No hay ciudad sin un río que le dé vida. Desde los tiempos más remotos esta asociación ha sido un vínculo ineludible. Después, naturalmente, fueron surgiendo las singularidades.
Cuando la corona española chocó con su destino imperial en esta parte del planeta, los sucesivos asentamientos obedecieron la alianza urbano-fluvial, privilegiando los enclaves pegados a la mar océano, terminales que propiciaron el retorno a la metrópolis de las naves cargadas con el fruto del saqueo ejercido tierra adentro.
Hay quienes le otorgan a Américo Vespucio el privilegio de haber sido el primer europeo en asomarse a estas latitudes recorriendo la desembocadura de una vía que él llamó Río Jordán.

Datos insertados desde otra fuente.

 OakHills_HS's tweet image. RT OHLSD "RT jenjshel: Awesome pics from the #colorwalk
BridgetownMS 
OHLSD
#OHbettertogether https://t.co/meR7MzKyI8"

Por nuestra parte preferimos asentarnos en los sucesos ocurridos hacia 1516, protagonizados por el navegante Juan Pedro Díaz de Solís. La meta del explorador y de su rey era encontrar un pasaje que conectará los Océanos Atlántico y Pacífico para establecer una conexión con el extremo oriente. Con la falta de originalidad que suele mostrar el imperialismo, los portugueses andaban con la misma obsesión a cuestas.

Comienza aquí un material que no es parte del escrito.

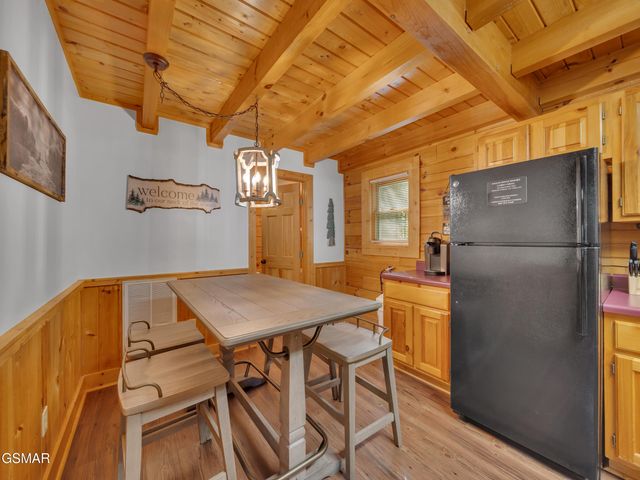 709 Gray Hawk Way, Pigeon Forge, TN 37863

El hecho es que la expedición de Solís navegaba hacia el sur por latitudes que hoy llamamos brasileñas, cuando los marinos notaron que el Océano Atlántico parecía escurrirse hacia el oeste y sospecharon que podían estar en las puertas del anhelado pasaje.
Se cuenta que apenas ingresados a ese paisaje de notable calma, Solís hizo que uno de sus tripulantes “probara” las aguas en las que se internaban y después de la cata decidió bautizar el área como Mar Dulce. A esta altura empezaron los problemas.

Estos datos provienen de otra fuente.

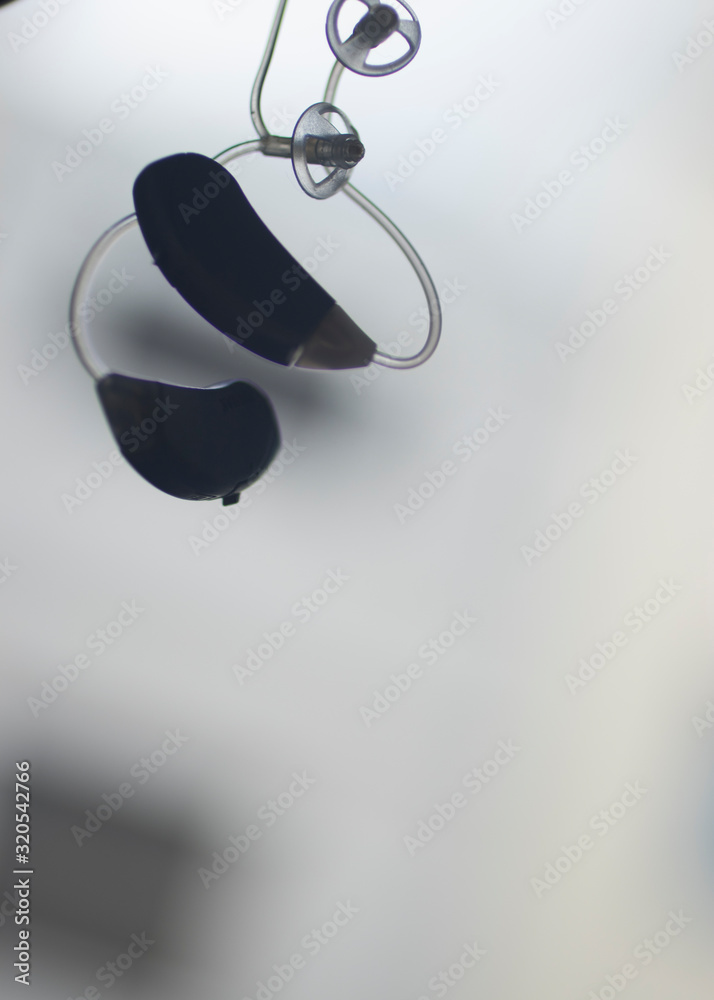 Deaf hearing aid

Gracias al escaso calado de las carabelas que tripulaban, los hombres de Solís se internaron en esa especie de golfo que ya vislumbraban como río, cuando al despensero de la flota se le dio por morirse. Hicieron escala en un islote que tenían enfrente y allí le dieron cristiana sepultura al fulano, bautizando con su nombre el pequeño terruño. El finado se llamaba Martín García.
Digamos, para abreviar, que al ver presencia humana en la costa oriental, Solís junto a siete de sus tripulantes se subieron a un bote y desembarcaron en un paraje en la zona de lo que hoy es Carmelo.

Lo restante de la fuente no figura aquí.